Outlook for today

parabola fits
Cholesky decomposition (for solving/inverting matrices)

Parabola fits

Let’s stick with the Volt meter example from yesterday, but use a parabolic model:

𝑦 = 𝑎 + 𝑑𝑥 (𝑏 + 𝑑𝑥 𝑐)    𝑑𝑥 = 𝑥 − 𝑥₀

The parameters 𝑎, 𝑏 and 𝑐 need to be determined during the calibration procedure.

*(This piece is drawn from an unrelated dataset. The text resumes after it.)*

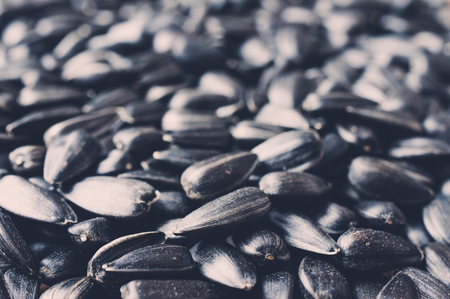 Sunflower seeds roasted closeup scatteredの写真素材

measurement number	1	2	3	4	5	6
reference 𝑥 (true) [V]	0	1	2	3	4	5
measured 𝑦 [V]	-0.10	0.84	1.91	2.88	4.06	4.83

The uncertainty for all measured voltages is 0.1 V.

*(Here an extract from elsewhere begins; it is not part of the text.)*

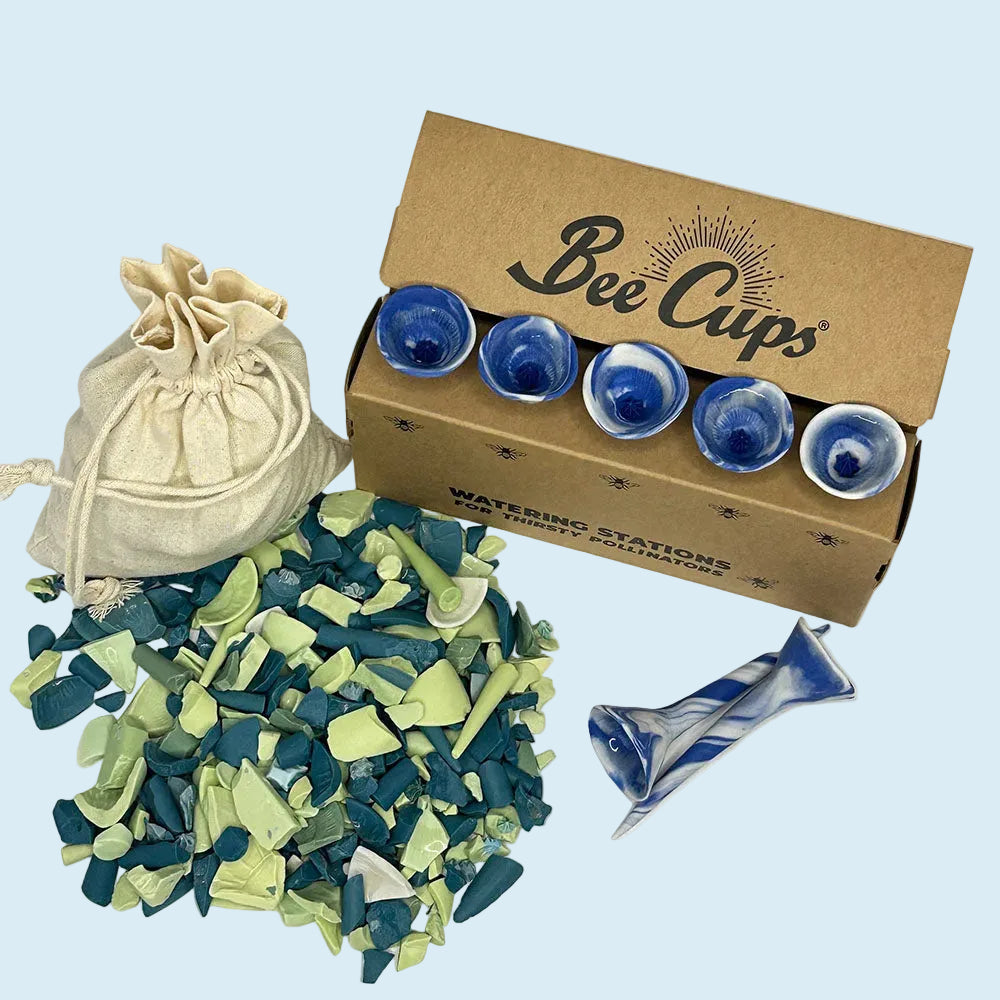 Earth Day Bee Cup Bundle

Code up a visualisation of the data.

Parabola fits, visualisation of data (1/3)

import ROOT

Vtrue = [0, 1, 2, 3, 4, 5]
V = [-.10, .84, 1.91, 2.88, 4.06, 4.83]
sigmas = [.1, .1, .1, .1, .1, .1]

ROOT.gROOT.SetBatch()
c = ROOT.TCanvas("c", "c", 800, 600)

# build graph with data
gdata = ROOT.TGraphErrors(len(Vtrue))
gdata.SetNameTitle("gdata", "data")
for i in range(0, len(Vtrue)):
    gdata.SetPoint(i, Vtrue[i], V[i])
    gdata.SetPointError(i, 0., sigmas[i])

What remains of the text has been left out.